Mais les économistes se situent à des années-lumière de la politique. Or c’est sur le front du quotidien que la désespérance déchaîne les foules, puisque l’injustice dévore instamment les peuples et les prive tout à la fois de la prospérité et de la liberté de choisir leurs dirigeants.

Ainsi la chute du président du Burkina Faso, Blaise Compaoré, au terme de vingt-sept ans de règne, apparaît-elle comme l’indice frappant du décalage qui existe entre des tyranneaux prêts à tout pour rester en place et des sociétés en plein devenir, que ces autocrates en échec permanent s’acharnent à étouffer. Ce paradoxe va-t-il s’estomper, verra-t-on la fracture entre un réel misérable et un potentiel formidable enfin se réduire ?

La chute de Compaoré -un des doyens des chefs d’Etat africains, renversé au cri de “Dégage !”- prend à certains égards les traits du printemps arabe, y compris dans la faiblesse endémique des forces d’alternance.
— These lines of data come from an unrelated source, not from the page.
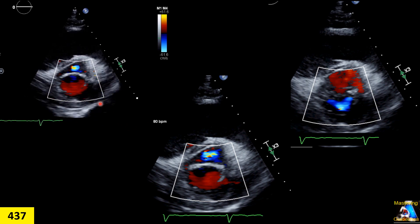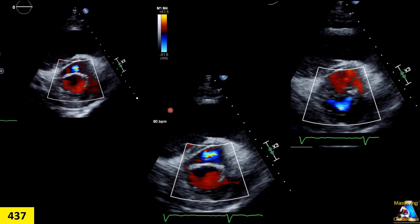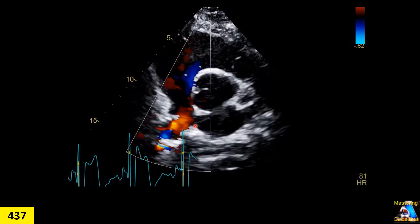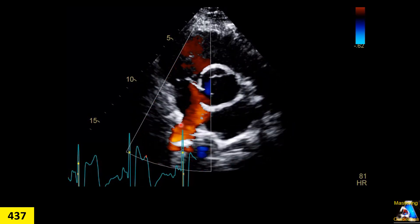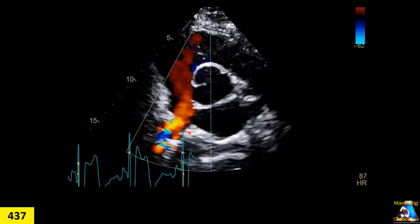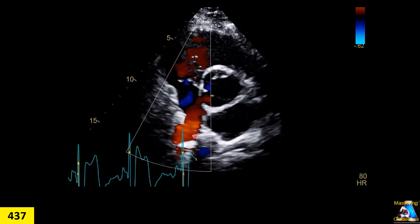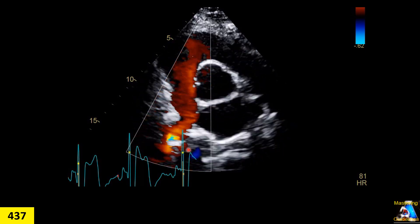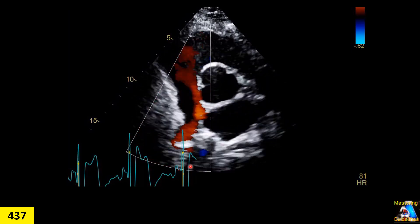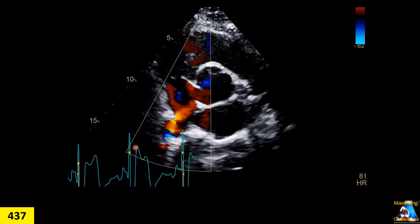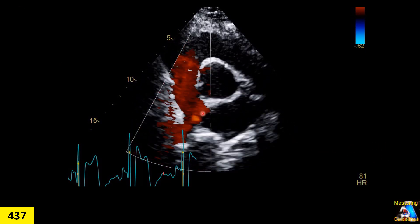Here we have another color Doppler with PISA. Can you mention what this structure is, or more accurately, which vessel or area is this one? Do we use this view and focus more attention on it? If yes, at what situation or condition do we go for this view and more accurately investigate that area?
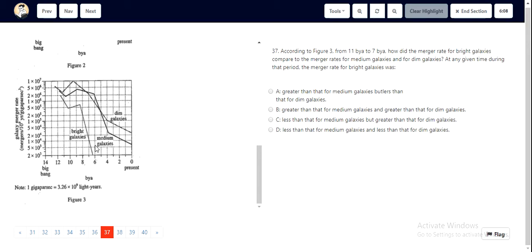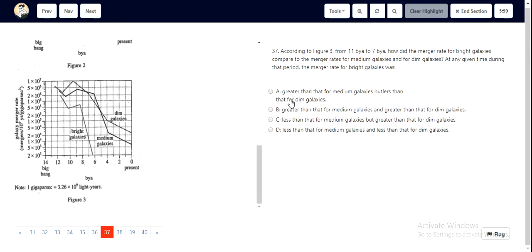We look at the options out here. The merger rate for the bright galaxies was less than... so we always eliminate A and B, and let's look at C and D.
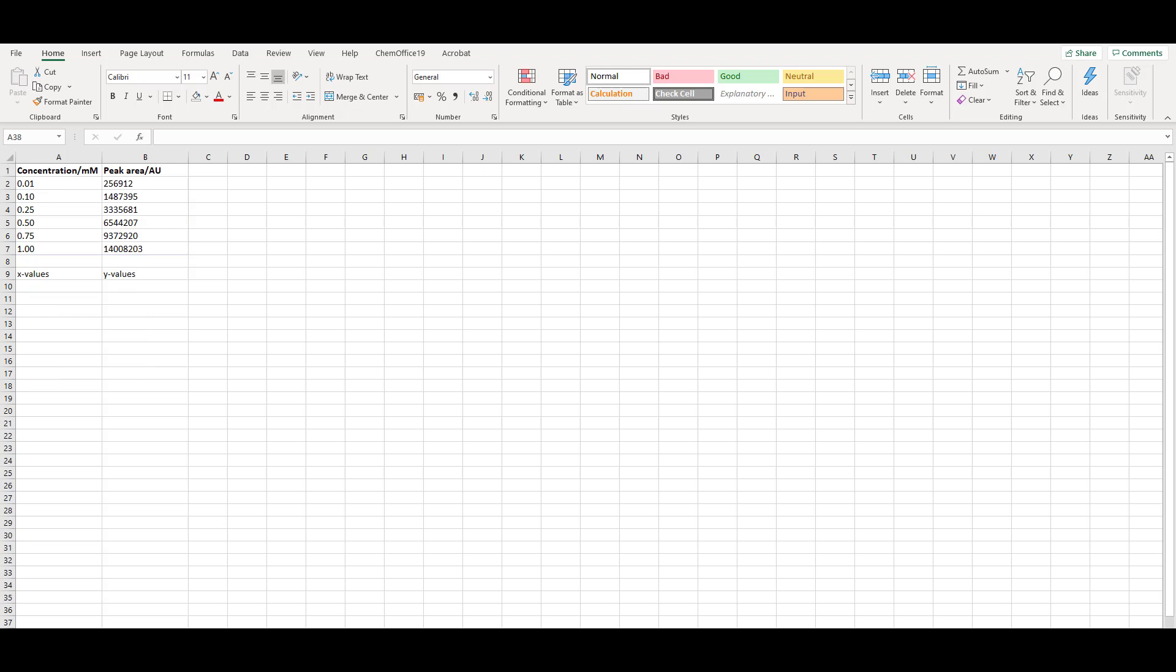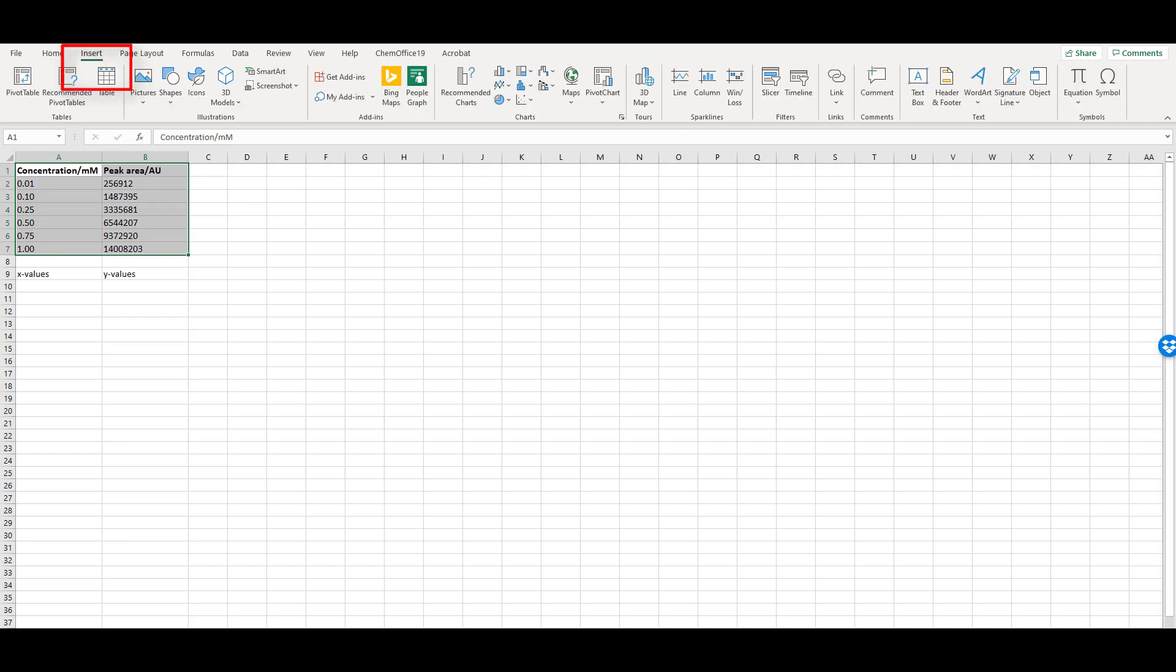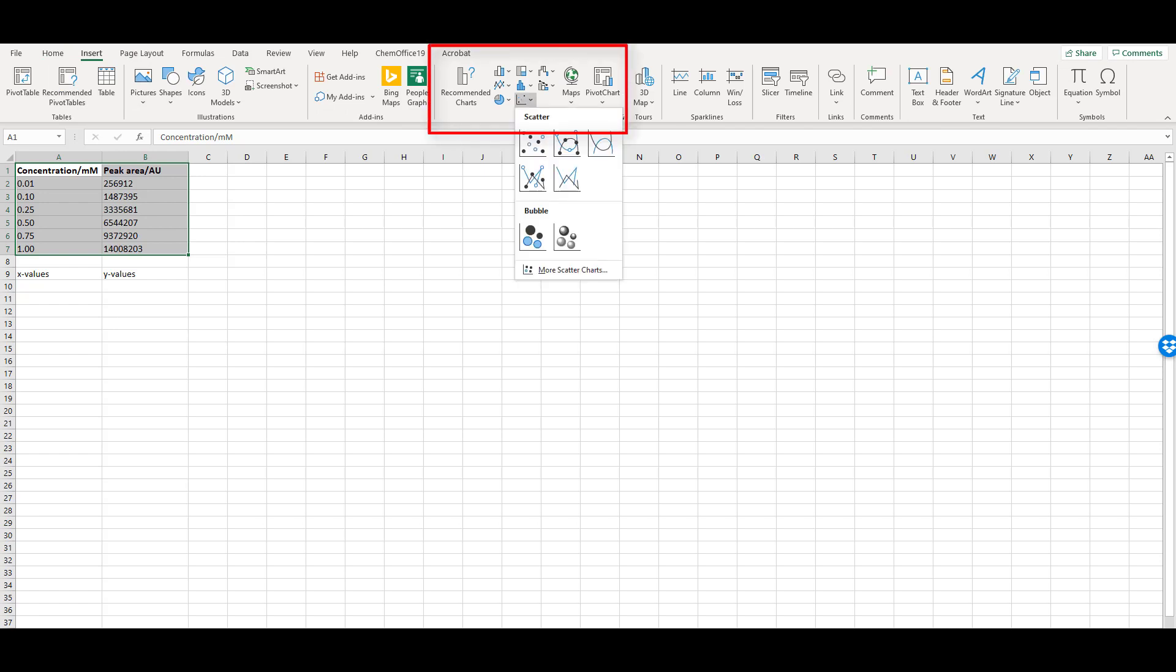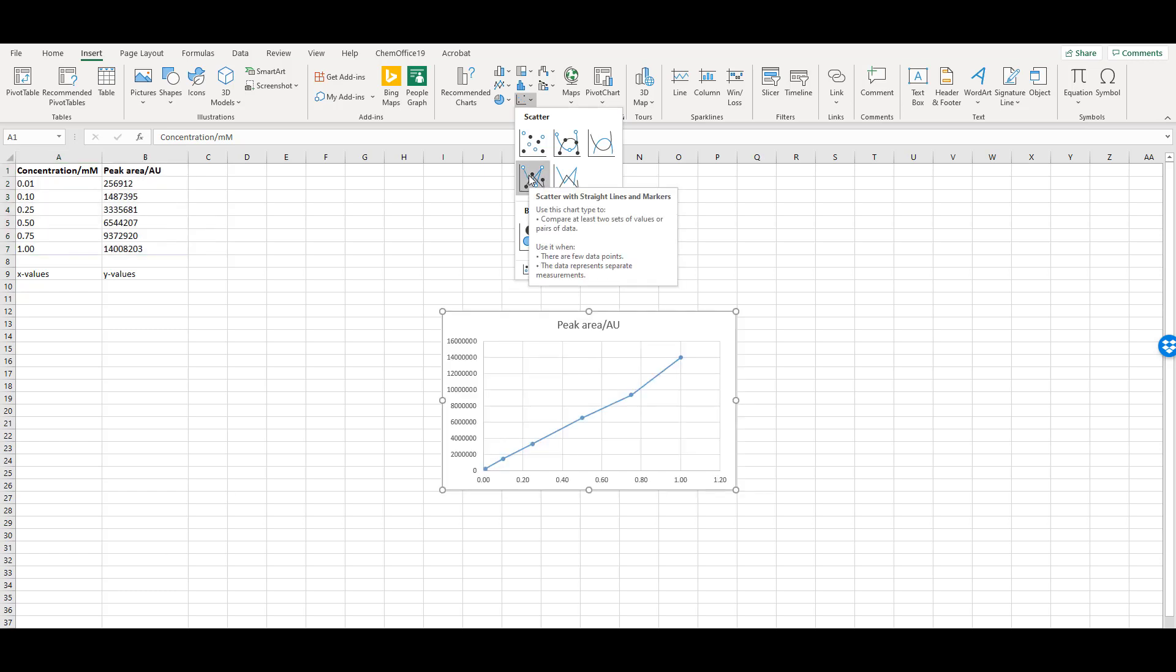Highlight the data and go to the Insert tab. In the Charts area, select Scatter. I prefer to use Scatter with straight lines and markers. It's not normally appropriate to use smooth lines on a calibration graph.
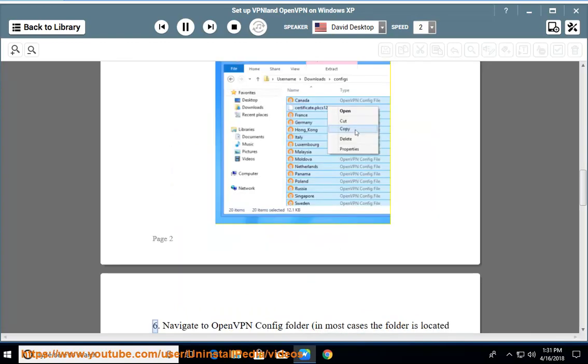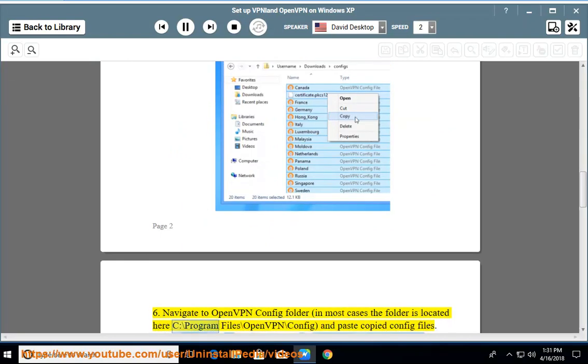Step 6: Navigate to OpenVPN config folder. In most cases the folder is located at C:\Program Files\OpenVPN\config, and paste copied config files.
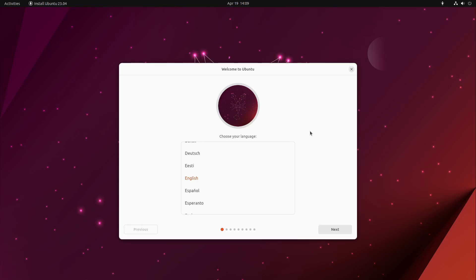Before you, you can see the new Ubuntu 23.4. What are the changes? Let us start.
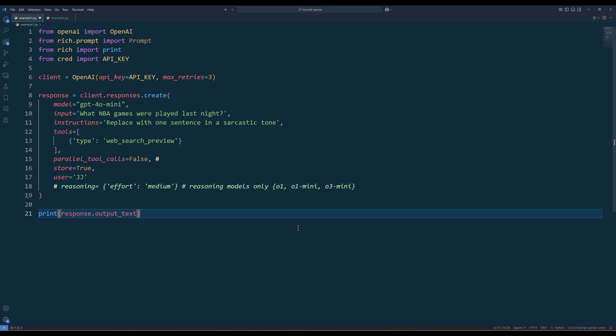And for the Responses endpoint, the biggest difference here is, instead of providing a list of messages, we can directly type our request in the input parameter as a single string. Most of the new parameters are designed to be used with the agent's SDK. In the past, when we need to set the system prompt or system message, we have to include it in a message list. Now we can directly type the system prompt in the instructions parameter.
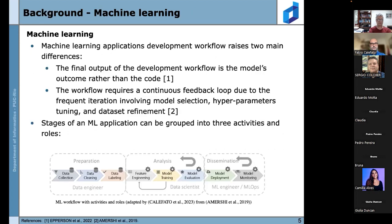Starting with the background on machine learning, the development workflow raises two main differences compared to standard software. The final output is the model's outcome rather than code, and the workflow requires a continuous feedback loop due to frequent iteration involving model selection, hyperparameter tuning, and dataset refinement. We use an adapted image showing eight steps in a machine learning workflow divided into three activity groups with their respective roles. The first part is preparation: data collection, data cleaning, and data labeling.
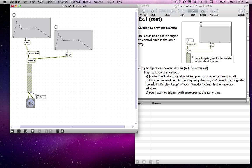Looking at the instructions again, cycle will take a signal input, so that's fine. It says in order to work with the frequency domain you'll need to change the low and high display range of your function object in the inspector window. When I was talking about controlling the amplitude, the range was between zero and one. If we were to send values between zero and one to control our frequency, we would just get an oscillation of between zero and one hertz, which is not going to produce any audible sound at all.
L’Afrique “à l’ancienne” déphasée

Au Burkina comme ailleurs, l’armée répond aussitôt présente. Il est sans doute prématuré d’affirmer qu’une page vient de se tourner ; mais on peut d’ores et déjà noter que l’Afrique “à l’ancienne” perd un de ses principaux représentants. Il en reste bon nombre, qui doivent méditer l’avertissement en silence. Paul Biya, au Cameroun, est installé depuis 1975, d’abord comme Premier ministre, puis en tant que président. Teodoro Obiang Nguema Mbasogo est à la tête de la Guinée équatoriale depuis le coup d’Etat qu’il a fomenté en 1979, année au cours de laquelle José Eduardo Dos Santos a également pris le pouvoir en Angola. Robert Mugabe, Premier ministre du Zimbabwe avant de s’emparer de la présidence, est à peine moins ancien, puisque son ascension remonte à 1980. L’Ouganda et le Swaziland (qui a un roi) n’ont pas connu de nouveau chef d’Etat depuis 1986. Rappelons, enfin, qu’en 2012 le précédent président du Sénégal, Abdoulaye Wade, a perdu la présidentielle après avoir tout fait pour obtenir une modification constitutionnelle qui lui aurait permis de se présenter trois fois.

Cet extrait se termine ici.